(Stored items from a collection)
○ ○ ○ ○

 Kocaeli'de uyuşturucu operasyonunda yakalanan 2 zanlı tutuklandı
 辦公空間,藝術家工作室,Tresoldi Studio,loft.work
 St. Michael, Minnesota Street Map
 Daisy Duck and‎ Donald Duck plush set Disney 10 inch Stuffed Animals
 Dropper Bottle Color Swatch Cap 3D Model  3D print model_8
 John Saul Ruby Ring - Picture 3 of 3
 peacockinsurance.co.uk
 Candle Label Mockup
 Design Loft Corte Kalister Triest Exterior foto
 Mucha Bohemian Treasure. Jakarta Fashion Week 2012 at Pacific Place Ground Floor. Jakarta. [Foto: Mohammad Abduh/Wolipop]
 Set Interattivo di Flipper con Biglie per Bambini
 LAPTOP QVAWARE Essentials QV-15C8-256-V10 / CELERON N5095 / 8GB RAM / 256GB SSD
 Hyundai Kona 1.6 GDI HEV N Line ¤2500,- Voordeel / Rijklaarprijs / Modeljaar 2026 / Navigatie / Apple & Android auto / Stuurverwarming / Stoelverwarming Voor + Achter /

○ ○ ○ ○

— Exercise directions —
Set down exactly what runs from the line with "Set Interattivo di" to the last line of the data above, including both of those lines and no others.

— Problem solution —
 Set Interattivo di Flipper con Biglie per Bambini
 LAPTOP QVAWARE Essentials QV-15C8-256-V10 / CELERON N5095 / 8GB RAM / 256GB SSD
 Hyundai Kona 1.6 GDI HEV N Line ¤2500,- Voordeel / Rijklaarprijs / Modeljaar 2026 / Navigatie / Apple & Android auto / Stuurverwarming / Stoelverwarming Voor + Achter /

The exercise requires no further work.